Available data:
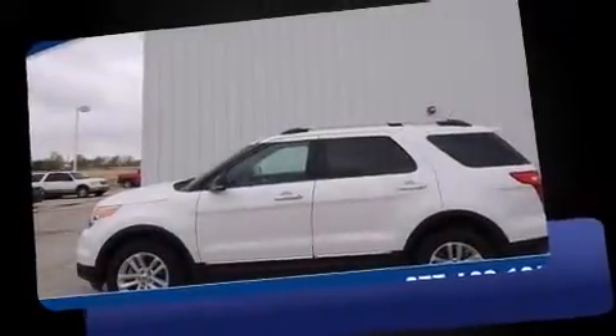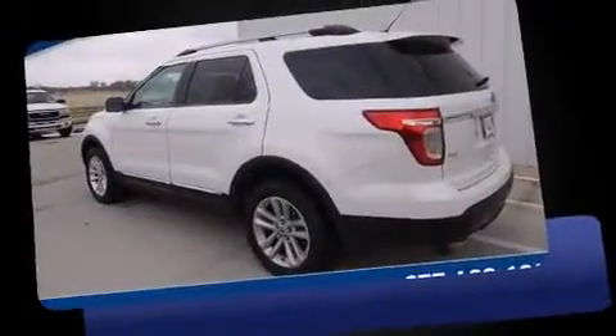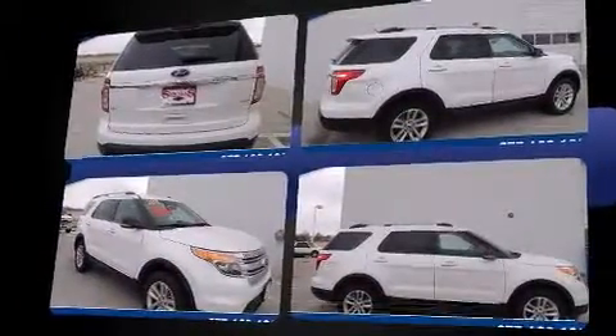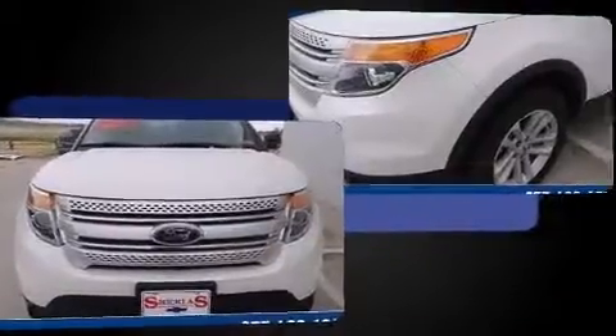Treat yourself to a test drive in the 2011 Ford Explorer. A 3.5-liter V6 engine pairs with a sophisticated six-speed automatic transmission, providing a smooth and predictable driving experience. Four-wheel drive allows you to go places you've only imagined.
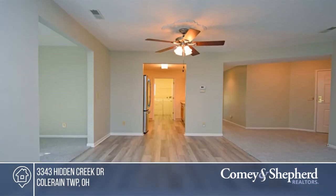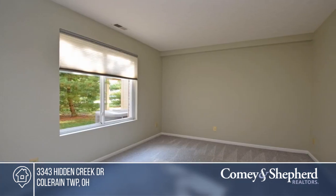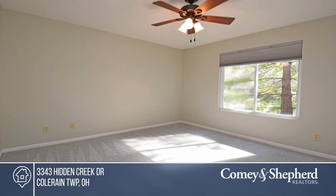Enjoy this beautifully maintained first floor unit with no steps. It has two bedrooms and the primary bedroom has an adjoining full bath and walk-in shower. You'll love the living room with a gas fireplace that walks out to a nice screened-in patio.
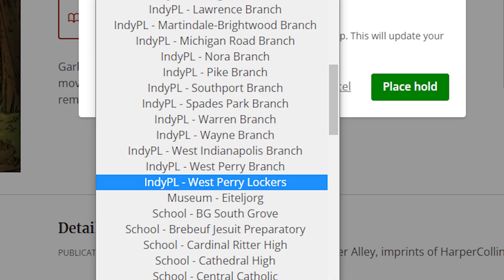Hey everybody, we're at the West Prairie Library where I'm going to pick up my holds from the West Prairie Lockers, the first library to have pickup lockers available. Remember when you're placing your hold to select the West Prairie lockers.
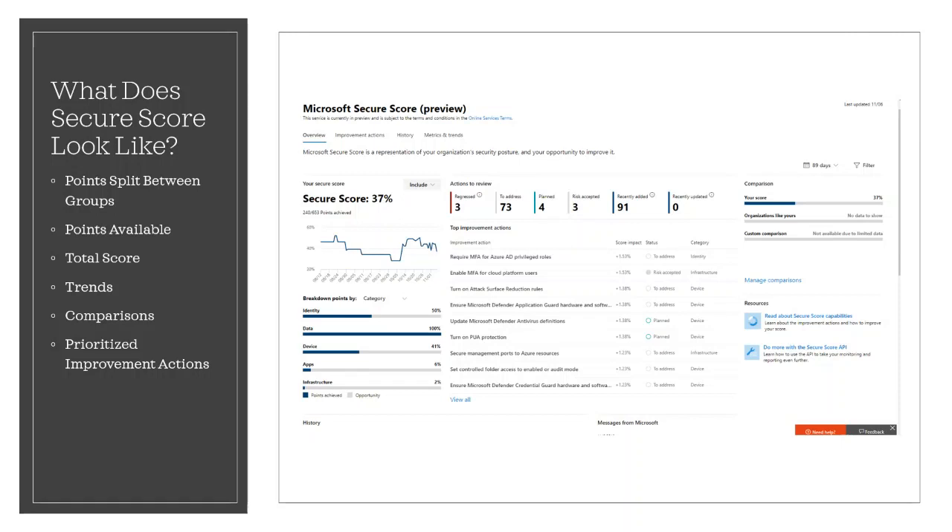Down below, slightly cut off, you'll have your history and your messages from Microsoft. The history tab, like we talked about earlier, is where you can find your options that you chose to accept the risk on, and also what you've done in the past. So again, you have your points split between groups, points available, total score, trends, comparisons, and prioritised improvement actions — so a lot there just in the dashboard.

Activity: Everything in the material except the pictures should be restated word for word.

Expected answer:
Treat yourself to a test drive in the 2011 Ford Explorer. A 3.5-liter V6 engine pairs with a sophisticated six-speed automatic transmission, providing a smooth and predictable driving experience. Four-wheel drive allows you to go places you've only imagined.
Enjoy this beautifully maintained first floor unit with no steps. It has two bedrooms and the primary bedroom has an adjoining full bath and walk-in shower. You'll love the living room with a gas fireplace that walks out to a nice screened-in patio.
Hey everybody, we're at the West Prairie Library where I'm going to pick up my holds from the West Prairie Lockers, the first library to have pickup lockers available. Remember when you're placing your hold to select the West Prairie lockers.
Down below, slightly cut off, you'll have your history and your messages from Microsoft. The history tab, like we talked about earlier, is where you can find your options that you chose to accept the risk on, and also what you've done in the past. So again, you have your points split between groups, points available, total score, trends, comparisons, and prioritised improvement actions — so a lot there just in the dashboard.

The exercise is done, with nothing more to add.